Potency comparisons between TRIAMINIC-12 and ACETASOL HC depend on the specific clinical indication. These are agents from distinct pharmacological classes and are not directly interchangeable by dose. A physician or clinical pharmacist should guide any therapeutic switching decisions.
The standard adult dose of TRIAMINIC-12 is: Oral: 1 tablet (75 mg of pseudoephedrine hydrochloride and 4 mg of chlorpheniramine maleate) every 12 hours, not to exceed 2 tablets in 24 hours.. The standard adult dose of ACETASOL HC is: 5 drops into the affected ear(s) 3-4 times daily. Each drop contains 2% acetic acid and 1% hydrocortisone.. Dosing should always be individualized based on indication, renal and hepatic function, age, and other patient factors.

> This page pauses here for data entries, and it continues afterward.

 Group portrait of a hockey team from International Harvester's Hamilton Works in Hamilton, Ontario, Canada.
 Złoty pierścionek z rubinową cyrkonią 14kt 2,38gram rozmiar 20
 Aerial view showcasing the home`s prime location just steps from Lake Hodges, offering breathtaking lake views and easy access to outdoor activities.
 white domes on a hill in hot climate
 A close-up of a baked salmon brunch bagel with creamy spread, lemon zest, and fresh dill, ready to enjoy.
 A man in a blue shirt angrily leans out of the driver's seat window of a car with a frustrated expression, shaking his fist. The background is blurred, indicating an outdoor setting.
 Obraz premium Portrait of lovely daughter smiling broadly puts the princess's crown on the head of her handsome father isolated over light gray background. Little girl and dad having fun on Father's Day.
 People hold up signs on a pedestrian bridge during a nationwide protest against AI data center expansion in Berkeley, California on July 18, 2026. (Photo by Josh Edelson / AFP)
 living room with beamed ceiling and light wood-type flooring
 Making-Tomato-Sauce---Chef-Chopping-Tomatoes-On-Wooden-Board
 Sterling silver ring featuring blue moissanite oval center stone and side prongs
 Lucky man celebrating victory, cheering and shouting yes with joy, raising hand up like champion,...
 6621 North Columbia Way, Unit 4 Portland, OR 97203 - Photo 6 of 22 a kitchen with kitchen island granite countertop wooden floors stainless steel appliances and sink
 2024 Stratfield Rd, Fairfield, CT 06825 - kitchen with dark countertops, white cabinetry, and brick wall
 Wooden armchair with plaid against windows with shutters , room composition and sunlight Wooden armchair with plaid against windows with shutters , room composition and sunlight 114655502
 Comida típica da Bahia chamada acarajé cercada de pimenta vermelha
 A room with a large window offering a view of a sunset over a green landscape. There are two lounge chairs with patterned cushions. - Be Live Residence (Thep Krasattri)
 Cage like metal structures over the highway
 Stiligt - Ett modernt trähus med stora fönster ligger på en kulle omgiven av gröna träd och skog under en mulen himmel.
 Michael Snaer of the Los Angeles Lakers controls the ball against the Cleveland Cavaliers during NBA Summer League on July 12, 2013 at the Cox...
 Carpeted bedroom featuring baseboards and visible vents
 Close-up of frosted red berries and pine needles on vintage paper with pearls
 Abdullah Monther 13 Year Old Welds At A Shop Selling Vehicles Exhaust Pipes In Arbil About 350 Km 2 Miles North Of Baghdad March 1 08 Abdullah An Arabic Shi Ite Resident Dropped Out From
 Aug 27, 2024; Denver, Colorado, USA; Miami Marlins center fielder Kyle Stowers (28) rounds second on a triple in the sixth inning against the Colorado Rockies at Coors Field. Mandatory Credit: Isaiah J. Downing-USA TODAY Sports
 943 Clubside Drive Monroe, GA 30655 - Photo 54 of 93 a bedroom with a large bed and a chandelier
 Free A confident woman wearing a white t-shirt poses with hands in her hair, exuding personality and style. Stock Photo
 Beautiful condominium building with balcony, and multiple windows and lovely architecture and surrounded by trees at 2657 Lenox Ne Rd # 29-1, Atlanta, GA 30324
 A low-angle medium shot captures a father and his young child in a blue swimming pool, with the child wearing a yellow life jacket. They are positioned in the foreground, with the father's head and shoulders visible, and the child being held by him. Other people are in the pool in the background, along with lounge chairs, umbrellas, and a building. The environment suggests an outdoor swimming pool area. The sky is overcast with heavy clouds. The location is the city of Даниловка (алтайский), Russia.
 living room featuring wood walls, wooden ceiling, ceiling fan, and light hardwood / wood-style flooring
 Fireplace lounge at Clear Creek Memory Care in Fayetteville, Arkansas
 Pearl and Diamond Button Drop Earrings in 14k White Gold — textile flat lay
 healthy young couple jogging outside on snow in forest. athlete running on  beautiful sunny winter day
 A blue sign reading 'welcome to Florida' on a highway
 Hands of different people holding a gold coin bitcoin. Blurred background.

No direct drug-drug interaction has been formally documented between TRIAMINIC-12 and ACETASOL HC in current clinical databases. However, individual patient risk factors including other medications, organ function, and comorbidities should always be evaluated by a qualified healthcare provider.
The maternal-fetal safety profiles differ. TRIAMINIC-12 is classified as Category C. Triaminic-12 (acetaminophen 500 mg, pseudoephedrine 30 mg, dextromethorphan 15 mg, chlorpheniramine 4 mg): Acetaminophen is generally considered low risk in all trimesters; pseudoe. ACETASOL HC is classified as Category C. ACETASOL HC (hydrocortisone 1% and acetic acid 2%) is an otic solution. Systemic absorption following topical otic application is minimal. No adequate and well-controlled studies i. Always consult a maternal-fetal medicine specialist before taking either drug during pregnancy or lactation.